Task objective
Keep every character as it is and output all of the records.

Data to use
━━━━━━━━━━━━━━━━━━━━━━━━━━━━━━

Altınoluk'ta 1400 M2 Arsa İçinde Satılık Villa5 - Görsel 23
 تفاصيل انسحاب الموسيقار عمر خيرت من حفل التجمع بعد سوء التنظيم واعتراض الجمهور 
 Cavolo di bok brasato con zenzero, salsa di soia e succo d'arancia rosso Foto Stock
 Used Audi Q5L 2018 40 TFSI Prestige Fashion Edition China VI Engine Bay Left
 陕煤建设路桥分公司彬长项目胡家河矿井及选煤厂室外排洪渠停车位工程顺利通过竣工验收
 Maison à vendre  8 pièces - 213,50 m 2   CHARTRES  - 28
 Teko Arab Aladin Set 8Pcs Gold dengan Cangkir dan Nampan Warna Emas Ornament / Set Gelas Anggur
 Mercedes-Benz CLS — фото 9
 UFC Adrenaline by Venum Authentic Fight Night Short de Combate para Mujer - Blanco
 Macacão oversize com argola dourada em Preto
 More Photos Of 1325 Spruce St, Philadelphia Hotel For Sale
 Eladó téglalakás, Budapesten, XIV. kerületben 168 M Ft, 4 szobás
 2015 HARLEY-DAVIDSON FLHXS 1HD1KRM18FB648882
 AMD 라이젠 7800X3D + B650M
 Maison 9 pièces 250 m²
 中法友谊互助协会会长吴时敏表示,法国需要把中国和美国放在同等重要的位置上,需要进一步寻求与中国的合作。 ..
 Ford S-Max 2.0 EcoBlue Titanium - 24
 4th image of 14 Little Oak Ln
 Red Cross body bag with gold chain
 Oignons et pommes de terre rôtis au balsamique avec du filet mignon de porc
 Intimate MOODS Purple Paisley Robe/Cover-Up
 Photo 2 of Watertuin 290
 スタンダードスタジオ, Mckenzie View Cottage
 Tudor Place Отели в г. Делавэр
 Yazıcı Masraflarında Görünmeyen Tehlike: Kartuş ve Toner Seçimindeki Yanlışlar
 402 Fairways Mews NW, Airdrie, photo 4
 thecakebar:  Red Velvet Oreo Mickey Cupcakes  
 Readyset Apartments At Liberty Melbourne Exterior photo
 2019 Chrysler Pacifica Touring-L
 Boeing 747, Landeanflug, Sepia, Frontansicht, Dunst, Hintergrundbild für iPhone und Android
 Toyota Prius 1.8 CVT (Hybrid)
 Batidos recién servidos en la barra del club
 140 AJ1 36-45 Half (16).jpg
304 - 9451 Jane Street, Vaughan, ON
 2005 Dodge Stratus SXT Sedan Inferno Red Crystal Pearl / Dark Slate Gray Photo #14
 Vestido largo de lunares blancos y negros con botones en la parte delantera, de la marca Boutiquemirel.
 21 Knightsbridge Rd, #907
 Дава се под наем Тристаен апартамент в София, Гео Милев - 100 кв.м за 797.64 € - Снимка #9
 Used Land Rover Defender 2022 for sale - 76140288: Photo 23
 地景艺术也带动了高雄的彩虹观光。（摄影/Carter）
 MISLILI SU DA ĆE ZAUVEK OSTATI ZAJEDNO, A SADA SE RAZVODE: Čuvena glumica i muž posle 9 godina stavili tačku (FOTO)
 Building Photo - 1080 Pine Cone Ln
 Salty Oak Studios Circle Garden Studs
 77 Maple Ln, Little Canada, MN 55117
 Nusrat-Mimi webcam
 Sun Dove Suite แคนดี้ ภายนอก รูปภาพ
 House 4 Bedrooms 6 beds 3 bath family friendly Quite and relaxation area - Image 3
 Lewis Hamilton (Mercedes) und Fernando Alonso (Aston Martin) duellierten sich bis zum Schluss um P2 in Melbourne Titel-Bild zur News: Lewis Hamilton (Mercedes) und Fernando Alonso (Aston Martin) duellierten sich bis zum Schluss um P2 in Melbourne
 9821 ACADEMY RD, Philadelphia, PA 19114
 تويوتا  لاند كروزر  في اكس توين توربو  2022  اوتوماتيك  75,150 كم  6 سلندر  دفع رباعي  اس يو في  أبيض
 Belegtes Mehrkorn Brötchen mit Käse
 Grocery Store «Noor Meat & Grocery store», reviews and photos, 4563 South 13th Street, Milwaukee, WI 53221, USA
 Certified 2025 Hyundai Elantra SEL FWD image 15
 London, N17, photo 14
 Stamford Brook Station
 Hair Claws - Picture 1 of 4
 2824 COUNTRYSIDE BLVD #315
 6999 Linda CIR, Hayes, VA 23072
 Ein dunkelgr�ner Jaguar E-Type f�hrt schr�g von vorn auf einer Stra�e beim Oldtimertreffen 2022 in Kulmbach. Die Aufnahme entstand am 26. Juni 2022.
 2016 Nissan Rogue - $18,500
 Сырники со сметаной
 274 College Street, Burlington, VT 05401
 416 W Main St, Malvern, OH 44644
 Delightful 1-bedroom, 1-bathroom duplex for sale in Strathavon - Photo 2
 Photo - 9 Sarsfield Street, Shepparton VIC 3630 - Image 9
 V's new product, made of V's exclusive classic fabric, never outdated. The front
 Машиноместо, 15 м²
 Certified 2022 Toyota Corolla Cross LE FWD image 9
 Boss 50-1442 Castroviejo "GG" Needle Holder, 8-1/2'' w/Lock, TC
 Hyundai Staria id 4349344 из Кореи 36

━━━━━━━━━━━━━━━━━━━━━━━━━━━━━━

Solution for this exercise
Altınoluk'ta 1400 M2 Arsa İçinde Satılık Villa5 - Görsel 23
 تفاصيل انسحاب الموسيقار عمر خيرت من حفل التجمع بعد سوء التنظيم واعتراض الجمهور 
 Cavolo di bok brasato con zenzero, salsa di soia e succo d'arancia rosso Foto Stock
 Used Audi Q5L 2018 40 TFSI Prestige Fashion Edition China VI Engine Bay Left
 陕煤建设路桥分公司彬长项目胡家河矿井及选煤厂室外排洪渠停车位工程顺利通过竣工验收
 Maison à vendre  8 pièces - 213,50 m 2   CHARTRES  - 28
 Teko Arab Aladin Set 8Pcs Gold dengan Cangkir dan Nampan Warna Emas Ornament / Set Gelas Anggur
 Mercedes-Benz CLS — фото 9
 UFC Adrenaline by Venum Authentic Fight Night Short de Combate para Mujer - Blanco
 Macacão oversize com argola dourada em Preto
 More Photos Of 1325 Spruce St, Philadelphia Hotel For Sale
 Eladó téglalakás, Budapesten, XIV. kerületben 168 M Ft, 4 szobás
 2015 HARLEY-DAVIDSON FLHXS 1HD1KRM18FB648882
 AMD 라이젠 7800X3D + B650M
 Maison 9 pièces 250 m²
 中法友谊互助协会会长吴时敏表示,法国需要把中国和美国放在同等重要的位置上,需要进一步寻求与中国的合作。 ..
 Ford S-Max 2.0 EcoBlue Titanium - 24
 4th image of 14 Little Oak Ln
 Red Cross body bag with gold chain
 Oignons et pommes de terre rôtis au balsamique avec du filet mignon de porc
 Intimate MOODS Purple Paisley Robe/Cover-Up
 Photo 2 of Watertuin 290
 スタンダードスタジオ, Mckenzie View Cottage
 Tudor Place Отели в г. Делавэр
 Yazıcı Masraflarında Görünmeyen Tehlike: Kartuş ve Toner Seçimindeki Yanlışlar
 402 Fairways Mews NW, Airdrie, photo 4
 thecakebar:  Red Velvet Oreo Mickey Cupcakes  
 Readyset Apartments At Liberty Melbourne Exterior photo
 2019 Chrysler Pacifica Touring-L
 Boeing 747, Landeanflug, Sepia, Frontansicht, Dunst, Hintergrundbild für iPhone und Android
 Toyota Prius 1.8 CVT (Hybrid)
 Batidos recién servidos en la barra del club
 140 AJ1 36-45 Half (16).jpg
304 - 9451 Jane Street, Vaughan, ON
 2005 Dodge Stratus SXT Sedan Inferno Red Crystal Pearl / Dark Slate Gray Photo #14
 Vestido largo de lunares blancos y negros con botones en la parte delantera, de la marca Boutiquemirel.
 21 Knightsbridge Rd, #907
 Дава се под наем Тристаен апартамент в София, Гео Милев - 100 кв.м за 797.64 € - Снимка #9
 Used Land Rover Defender 2022 for sale - 76140288: Photo 23
 地景艺术也带动了高雄的彩虹观光。（摄影/Carter）
 MISLILI SU DA ĆE ZAUVEK OSTATI ZAJEDNO, A SADA SE RAZVODE: Čuvena glumica i muž posle 9 godina stavili tačku (FOTO)
 Building Photo - 1080 Pine Cone Ln
 Salty Oak Studios Circle Garden Studs
 77 Maple Ln, Little Canada, MN 55117
 Nusrat-Mimi webcam
 Sun Dove Suite แคนดี้ ภายนอก รูปภาพ
 House 4 Bedrooms 6 beds 3 bath family friendly Quite and relaxation area - Image 3
 Lewis Hamilton (Mercedes) und Fernando Alonso (Aston Martin) duellierten sich bis zum Schluss um P2 in Melbourne Titel-Bild zur News: Lewis Hamilton (Mercedes) und Fernando Alonso (Aston Martin) duellierten sich bis zum Schluss um P2 in Melbourne
 9821 ACADEMY RD, Philadelphia, PA 19114
 تويوتا  لاند كروزر  في اكس توين توربو  2022  اوتوماتيك  75,150 كم  6 سلندر  دفع رباعي  اس يو في  أبيض
 Belegtes Mehrkorn Brötchen mit Käse
 Grocery Store «Noor Meat & Grocery store», reviews and photos, 4563 South 13th Street, Milwaukee, WI 53221, USA
 Certified 2025 Hyundai Elantra SEL FWD image 15
 London, N17, photo 14
 Stamford Brook Station
 Hair Claws - Picture 1 of 4
 2824 COUNTRYSIDE BLVD #315
 6999 Linda CIR, Hayes, VA 23072
 Ein dunkelgr�ner Jaguar E-Type f�hrt schr�g von vorn auf einer Stra�e beim Oldtimertreffen 2022 in Kulmbach. Die Aufnahme entstand am 26. Juni 2022.
 2016 Nissan Rogue - $18,500
 Сырники со сметаной
 274 College Street, Burlington, VT 05401
 416 W Main St, Malvern, OH 44644
 Delightful 1-bedroom, 1-bathroom duplex for sale in Strathavon - Photo 2
 Photo - 9 Sarsfield Street, Shepparton VIC 3630 - Image 9
 V's new product, made of V's exclusive classic fabric, never outdated. The front
 Машиноместо, 15 м²
 Certified 2022 Toyota Corolla Cross LE FWD image 9
 Boss 50-1442 Castroviejo "GG" Needle Holder, 8-1/2'' w/Lock, TC
 Hyundai Staria id 4349344 из Кореи 36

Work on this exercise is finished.